Given material →
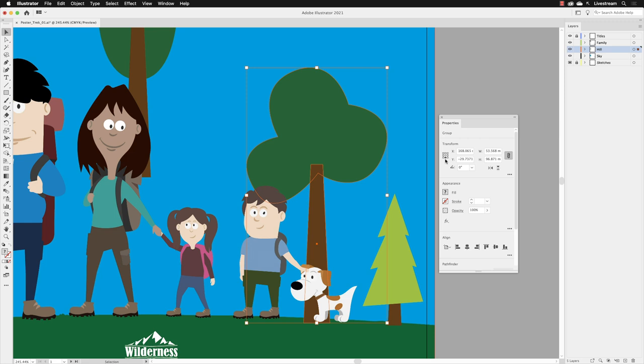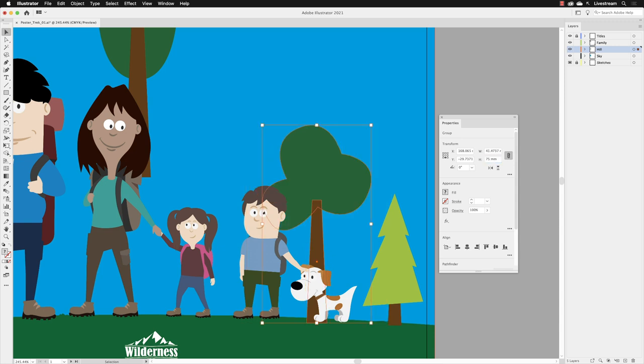If I go to the height value, swipe over that and then type in 75 and press return, notice that the bottom edge of our shape stays exactly where it is because that's where it was anchored.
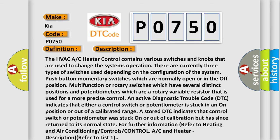An active diagnostic trouble code DTC indicates that either a control switch or potentiometer is stuck in an on position or out of a calibrated range. A stored DTC indicates that control switch or potentiometer was stuck on or out of calibration but has since returned to its normal state. For further information refer to heating and air conditioning controls.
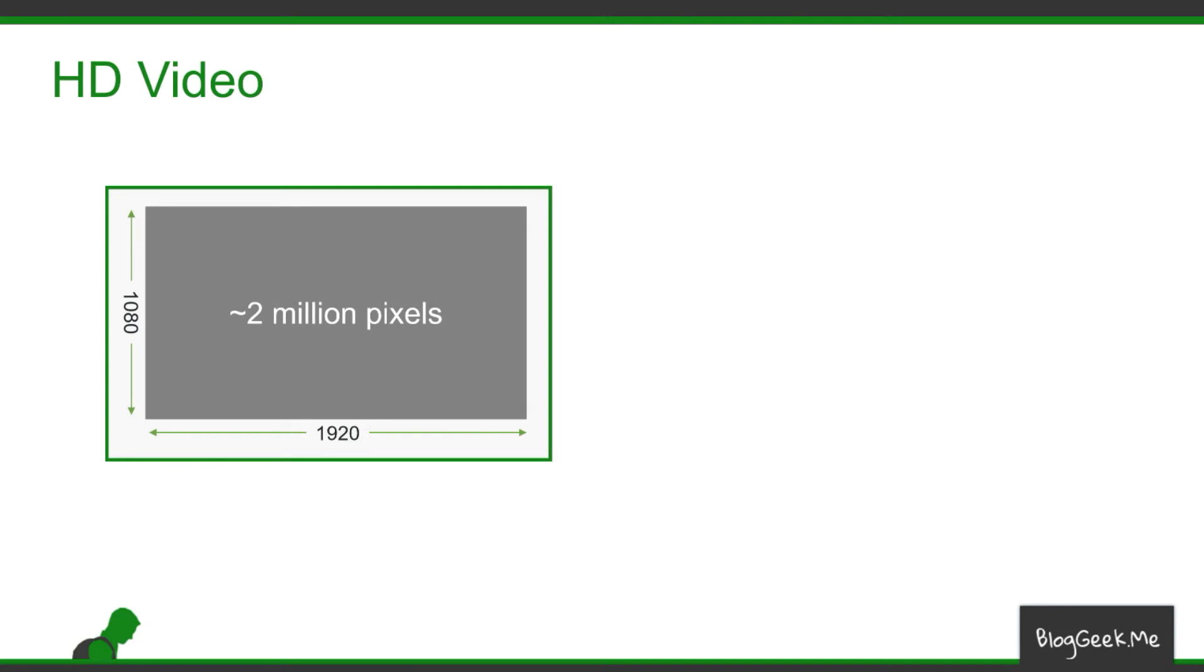When we talk about live video, we're usually talking about HD video or high-definition video. If you look at the resolution that is required for a single frame, it's usually 1920 pixels on the width over 1080 pixels on the height. That's like the resolution we need for an HD video display. If you do the calculation, that's around 2 million pixels, which is quite a lot.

Directions for this task → Restate the entire listing word for word, excluding pictures.

Output →
If I go to the height value, swipe over that and then type in 75 and press return, notice that the bottom edge of our shape stays exactly where it is because that's where it was anchored.
An active diagnostic trouble code DTC indicates that either a control switch or potentiometer is stuck in an on position or out of a calibrated range. A stored DTC indicates that control switch or potentiometer was stuck on or out of calibration but has since returned to its normal state. For further information refer to heating and air conditioning controls.
When we talk about live video, we're usually talking about HD video or high-definition video. If you look at the resolution that is required for a single frame, it's usually 1920 pixels on the width over 1080 pixels on the height. That's like the resolution we need for an HD video display. If you do the calculation, that's around 2 million pixels, which is quite a lot.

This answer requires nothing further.